A l’entrée en guerre, la marine compte 370 avions et hydravions, 34 escadrilles, et dix mille hommes. L’efficacité de cet outil est liée à son équipement : des avions pas toujours inspirés, lents, et pas assez lourdement armés. L’aviation, qu’elle soit navale ou terrestre, n’a pas vraiment reçu de quoi arrêter les hordes nazies.
Les flottilles du Béarn sont débarquées à terre mais pour participer au combat. Malgré leur engagement, les escadrilles de chasseurs, de bombardiers et d’hydravions subissent une hécatombe : leurs avions ne font tout simplement pas le poids par rapport aux avions et à la flak allemande.
Le Loire Nieuport 40, commandé en 1937 n’est livré qu’en juillet 1939… Les 40 Chance Vought 156F commandés au printemps 1939 aux Etats-Unis n’ont pas par exemple la fourche d’évitement du cercle de l’hélice, ce qui, pour un bombardier en piqué, complique singulièrement la donne, et leur mise aux normes françaises s’avère compliquée par le déficit d’équipements pour le faire… Douze de ces appareils sont rayés des listes lors d’un bombardement de leur terrain, à Alprecht.
Les escadrilles sont saignées à blanc. Les avions sont trop lents, mal armés.
Les 19 LN411 de l’AB2 et de l’AB4 laissent dix des leurs, le 19 mai, dans une mission au-dessus du carrefour de Berlaimont. Le lendemain, la marine perd encore six appareils –cinq par Messerschmitt, un par la flak- lors d’une mission de bombardement sur le pont d’Origny… 20 avions sont perdus dans ces 48 heures critiques.
Le bilan en mer est aussi faible. Du 2 septembre 1939 au 24 juin 1940, l’aéronavale n’a effectué que « 18 attaques de sous-marin mais aucune n’est concluante » constate Vincent Gréciet, dans une monographie consacrée au sujet.
La marine réussit cependant à frapper psychologiquement le Reich en son cœur, à Berlin.
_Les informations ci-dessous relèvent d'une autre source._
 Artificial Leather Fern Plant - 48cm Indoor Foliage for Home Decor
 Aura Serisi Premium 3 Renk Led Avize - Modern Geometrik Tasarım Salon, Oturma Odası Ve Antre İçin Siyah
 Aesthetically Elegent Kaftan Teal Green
Le bombardier Jules Verne est à l’origine un des trois Farman 223 construits pour Air France, récupérés par la marine, au déclenchement des hostilités, et intégrés au sein de l’escadrille B5. L’armée de l’Air n’en voulait pas : trop lents…
Le mastodonte s’illustre d’abord depuis Bordeaux-Mérignac (base armée de l’Air) dans la surveillance des convois, dans l’Atlantique, puis est totalement militarisé par Farman, à Toussus-le-Noble, avec huit lance-bombes. Repeint en noir, il se spécialise dans le bombardement de nuit, qui n’est, à l’époque, qu’à ses prémisses.
Il opère alors depuis Lanvéoc-Poulmic (Finistère) et effectue ses premiers-bombardements en Allemagne, peu après l’offensive nazie de mai 1940. A compter du 13 mai, il bombarde la gare de triage d’Aix-la-Chapelle puis Maastricht.
L’équipage du bombardement du 7 juin, sur Berlin, est composé du capitaine de corvette Daillère, du pilote Henri Yonnet, du mécanicien Corneillet, du bombardier-mitrailleur Deschamps et du radio-navigateur Scour.
Fort de son autonomie, le Jules Verne arrive par la Baltique, après avoir survolé le Danemark. Le succès est là. Deux autres bombardements –y compris avec des tracts- suivront, sur l’Italie, avant que le Jules Verne ne finisse sa guerre. Il finira incendié, en 1942.
Sans ses avions, le Béarn est envoyé aux Etats-Unis convoyer une centaine de bombardiers SB2C Helldiver et de chasseurs H-75 Hawk. Mais quittant Halifax le 16 juin, il est dérouté vers la Martinique, où il restera jusqu’en 1943.